Le jeune homme poussa un profond soupir.

— Tout cela, dit-il, ne fait qu’aggraver la situation sans le moindre profil pour la justice ... J’ai la conviction qu’un jour viendra où vous regretterez amèrement de vous être montré aussi sévère.

— Non ! Je n’aurai jamais à me repentir, car j’accomplis mon devoir.

— Et moi, je sais que vous commettez une affreuse injustice, une monstruosité !

De telles déclarations sont rarement du goût de qui les entend, surtout s’il s’agit d’un représentant de la loi !

— Monsieur ! fit alors le magistrat, mesurez vos paroles et rappelez-vous à qui vous vous adressez !

— Je m’en vais, Monsieur ! Si je restais plus longtemps ici, je finirais par me faire mettre en prison, moi aussi ! Comment voulez-vous qu’un honnête homme garde son sang-froid et mesure ses termes, quand il voit la façon dont vous comprenez la justice !

Et le peintre quitta le bureau en claquant la porte. Prenant un nouveau taxi, il se fit conduire chez Eugène Michonneau.

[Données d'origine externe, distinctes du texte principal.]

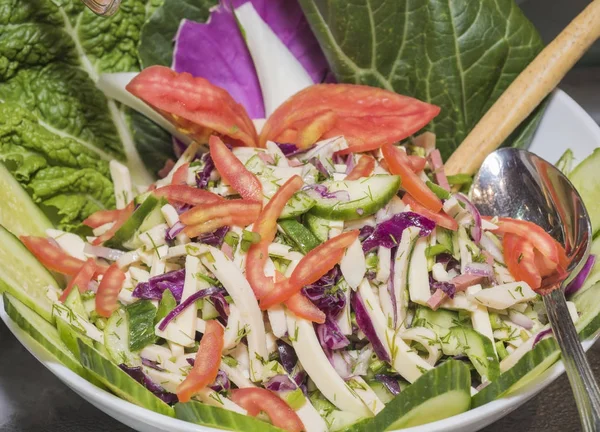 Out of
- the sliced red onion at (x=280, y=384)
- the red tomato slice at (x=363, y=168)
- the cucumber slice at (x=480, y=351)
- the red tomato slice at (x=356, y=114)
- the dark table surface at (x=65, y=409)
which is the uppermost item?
the red tomato slice at (x=356, y=114)

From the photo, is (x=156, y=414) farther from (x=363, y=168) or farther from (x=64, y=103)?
(x=64, y=103)

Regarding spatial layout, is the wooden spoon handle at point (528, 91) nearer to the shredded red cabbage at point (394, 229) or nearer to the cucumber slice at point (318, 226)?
the shredded red cabbage at point (394, 229)

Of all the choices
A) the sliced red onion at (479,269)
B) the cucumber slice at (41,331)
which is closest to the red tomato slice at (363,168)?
the sliced red onion at (479,269)

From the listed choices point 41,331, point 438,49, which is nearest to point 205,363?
point 41,331

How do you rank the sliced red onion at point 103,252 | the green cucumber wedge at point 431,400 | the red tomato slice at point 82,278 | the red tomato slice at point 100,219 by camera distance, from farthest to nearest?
1. the red tomato slice at point 100,219
2. the sliced red onion at point 103,252
3. the red tomato slice at point 82,278
4. the green cucumber wedge at point 431,400

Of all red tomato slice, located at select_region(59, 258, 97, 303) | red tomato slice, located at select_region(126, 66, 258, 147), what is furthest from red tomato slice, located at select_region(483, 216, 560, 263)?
red tomato slice, located at select_region(59, 258, 97, 303)

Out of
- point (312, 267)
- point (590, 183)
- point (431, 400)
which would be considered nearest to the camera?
point (431, 400) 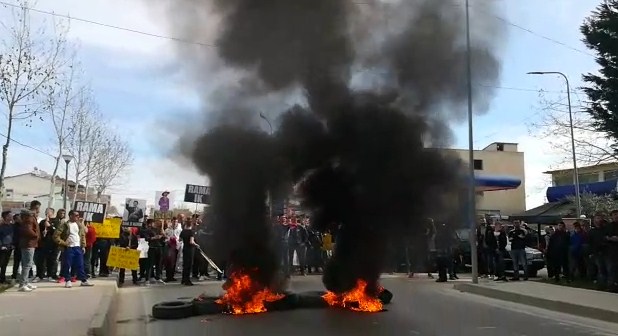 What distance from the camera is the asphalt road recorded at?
786 centimetres

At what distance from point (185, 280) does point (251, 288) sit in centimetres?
486

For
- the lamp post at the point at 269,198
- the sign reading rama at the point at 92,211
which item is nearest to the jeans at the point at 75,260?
the sign reading rama at the point at 92,211

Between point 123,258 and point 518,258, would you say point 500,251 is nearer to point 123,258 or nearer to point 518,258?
point 518,258

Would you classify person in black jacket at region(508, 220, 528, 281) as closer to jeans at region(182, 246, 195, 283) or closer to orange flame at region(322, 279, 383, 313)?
orange flame at region(322, 279, 383, 313)

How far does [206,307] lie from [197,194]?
3348 mm

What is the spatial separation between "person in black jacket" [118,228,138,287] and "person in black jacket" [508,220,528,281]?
30.0 ft

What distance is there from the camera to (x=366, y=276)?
9.62m

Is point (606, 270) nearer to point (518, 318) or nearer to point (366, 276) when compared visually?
point (518, 318)

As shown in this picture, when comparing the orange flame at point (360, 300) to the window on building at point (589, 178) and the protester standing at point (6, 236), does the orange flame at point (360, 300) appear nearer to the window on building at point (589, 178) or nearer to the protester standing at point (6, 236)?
the protester standing at point (6, 236)

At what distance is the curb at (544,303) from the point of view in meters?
9.41

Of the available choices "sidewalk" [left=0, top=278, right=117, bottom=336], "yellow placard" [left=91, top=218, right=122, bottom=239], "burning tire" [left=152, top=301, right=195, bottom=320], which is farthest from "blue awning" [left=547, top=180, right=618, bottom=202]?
"sidewalk" [left=0, top=278, right=117, bottom=336]

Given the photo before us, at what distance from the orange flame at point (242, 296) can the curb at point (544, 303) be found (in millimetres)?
5189

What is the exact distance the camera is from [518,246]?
14.6 m

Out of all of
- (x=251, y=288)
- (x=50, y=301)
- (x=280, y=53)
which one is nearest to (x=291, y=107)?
(x=280, y=53)
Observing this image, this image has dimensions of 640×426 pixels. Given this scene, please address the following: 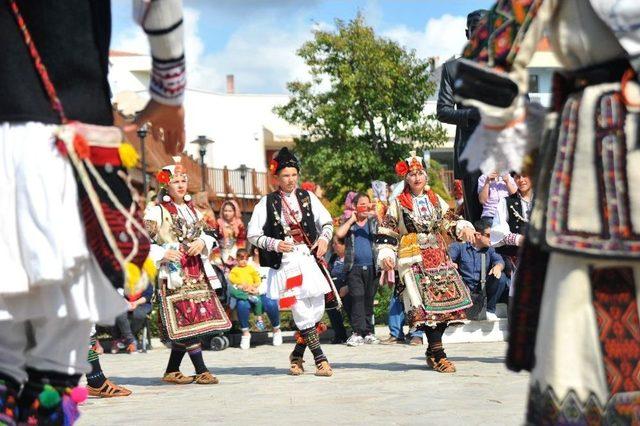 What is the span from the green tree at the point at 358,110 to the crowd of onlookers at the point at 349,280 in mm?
17224

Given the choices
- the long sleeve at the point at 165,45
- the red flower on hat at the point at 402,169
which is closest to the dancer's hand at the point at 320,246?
the red flower on hat at the point at 402,169

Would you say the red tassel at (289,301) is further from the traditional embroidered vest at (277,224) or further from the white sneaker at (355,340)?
the white sneaker at (355,340)

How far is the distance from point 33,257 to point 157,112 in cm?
71

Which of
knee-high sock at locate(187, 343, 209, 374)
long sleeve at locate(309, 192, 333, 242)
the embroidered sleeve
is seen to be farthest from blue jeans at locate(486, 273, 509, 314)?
the embroidered sleeve

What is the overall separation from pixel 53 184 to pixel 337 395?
4.80 m

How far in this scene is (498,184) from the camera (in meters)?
10.5

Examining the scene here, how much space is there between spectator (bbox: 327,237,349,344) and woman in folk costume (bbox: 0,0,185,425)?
1035 centimetres

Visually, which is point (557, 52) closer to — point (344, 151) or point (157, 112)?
point (157, 112)

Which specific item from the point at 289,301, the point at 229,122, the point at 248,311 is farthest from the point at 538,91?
the point at 289,301

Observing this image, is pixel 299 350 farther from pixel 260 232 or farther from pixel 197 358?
pixel 260 232

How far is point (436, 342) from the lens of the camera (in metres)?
9.56

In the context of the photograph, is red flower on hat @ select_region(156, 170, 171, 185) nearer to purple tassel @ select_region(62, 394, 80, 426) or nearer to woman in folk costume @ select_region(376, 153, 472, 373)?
Result: woman in folk costume @ select_region(376, 153, 472, 373)

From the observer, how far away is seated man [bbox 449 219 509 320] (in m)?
12.5

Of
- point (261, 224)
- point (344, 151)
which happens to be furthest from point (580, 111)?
point (344, 151) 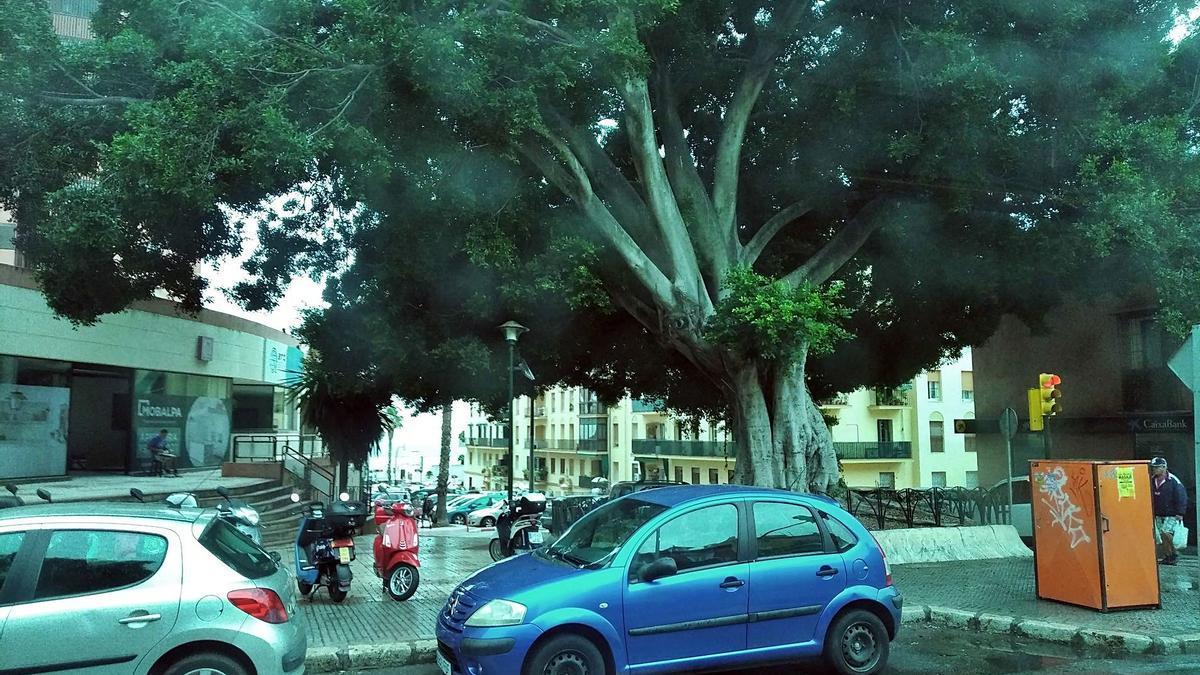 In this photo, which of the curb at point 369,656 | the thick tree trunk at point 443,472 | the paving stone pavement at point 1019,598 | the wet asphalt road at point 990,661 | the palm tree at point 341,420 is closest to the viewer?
the wet asphalt road at point 990,661

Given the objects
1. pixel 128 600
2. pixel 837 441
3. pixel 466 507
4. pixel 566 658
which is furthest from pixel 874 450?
pixel 128 600

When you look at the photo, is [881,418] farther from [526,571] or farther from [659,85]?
[526,571]

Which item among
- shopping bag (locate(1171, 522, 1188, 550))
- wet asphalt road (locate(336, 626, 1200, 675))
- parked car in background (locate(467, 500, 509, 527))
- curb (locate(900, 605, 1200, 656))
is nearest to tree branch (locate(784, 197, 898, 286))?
shopping bag (locate(1171, 522, 1188, 550))

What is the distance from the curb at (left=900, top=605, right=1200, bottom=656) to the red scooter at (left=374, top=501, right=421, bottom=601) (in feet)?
17.6

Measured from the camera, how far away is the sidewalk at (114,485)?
50.4 ft

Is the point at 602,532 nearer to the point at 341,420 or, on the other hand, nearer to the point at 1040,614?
the point at 1040,614

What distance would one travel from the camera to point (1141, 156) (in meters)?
13.3

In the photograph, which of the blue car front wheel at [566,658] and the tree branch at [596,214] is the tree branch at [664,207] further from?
the blue car front wheel at [566,658]

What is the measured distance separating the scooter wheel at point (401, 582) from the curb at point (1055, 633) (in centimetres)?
532

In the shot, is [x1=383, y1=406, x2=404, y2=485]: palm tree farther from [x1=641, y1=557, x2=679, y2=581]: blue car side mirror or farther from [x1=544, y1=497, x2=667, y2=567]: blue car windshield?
[x1=641, y1=557, x2=679, y2=581]: blue car side mirror

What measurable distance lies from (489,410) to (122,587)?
1385cm

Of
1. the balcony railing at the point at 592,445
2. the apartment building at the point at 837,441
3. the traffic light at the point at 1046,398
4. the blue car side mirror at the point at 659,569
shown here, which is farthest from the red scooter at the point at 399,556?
the balcony railing at the point at 592,445

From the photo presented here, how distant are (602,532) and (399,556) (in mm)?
3943

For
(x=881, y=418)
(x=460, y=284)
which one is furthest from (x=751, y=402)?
(x=881, y=418) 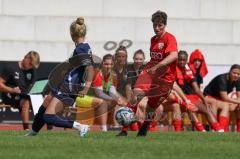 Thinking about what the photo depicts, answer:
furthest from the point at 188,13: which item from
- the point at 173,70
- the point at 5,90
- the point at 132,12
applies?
the point at 173,70

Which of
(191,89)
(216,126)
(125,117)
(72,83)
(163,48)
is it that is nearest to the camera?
(72,83)

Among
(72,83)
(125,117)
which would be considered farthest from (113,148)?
(125,117)

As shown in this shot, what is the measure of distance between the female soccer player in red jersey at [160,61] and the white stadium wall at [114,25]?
9863 millimetres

Il trouva le détective privé plongé dans la lecture d’un journal, l’air très content de lui. Tous les quotidiens parlaient de lui et faisaient l’éloge de la sagacité avec laquelle il avait conduit l’enquête.

— Tous mes compliments ! fit Robert sans préambule. Au lieu de m’aider, vous avez profité de mes confidences pour travailler contre moi !

— Je ne vous comprends pas, monsieur Montpellier ! répliqua le policier, sincèrement étonné.

— Vous ne me comprenez pas ? Ce n’est pas vous, peut-être, qui avait fait arrêter mademoiselle Labeille ?

— Eh bien ! Oui, j’ai eu ce plaisir ... Et cette demoiselle ne mérite vraiment pas l’intérêt que vous lui portez !

Presque sans le vouloir, le peintre leva le poing.

— Qu’est-ce que vous en savez, imbécile ! Rugit-il.

— Monsieur Montpellier ! s’écria le policier, vexé, je vous en prie ...

— Oui, imbécile, je le répète ! Si vous aviez un tant soit peu de bons sens, vous auriez compris que cette jeune femme est incapable d’une mauvaise action !

Eugène Michonneau haussa les épaules.

— Les apparences sont souvent trompeuses, assura-t-il.

— Il y a des apparences qui ne trompent pas, à moins d’être de parti pris comme vous, ou comme cet idiot de juge d’instruction qui a fait mettre Valérie en prison !

Comprenant que le peintre était hors de lui, le détective résolut de garder son sang-froid et de ne pas relever les injures de Robert.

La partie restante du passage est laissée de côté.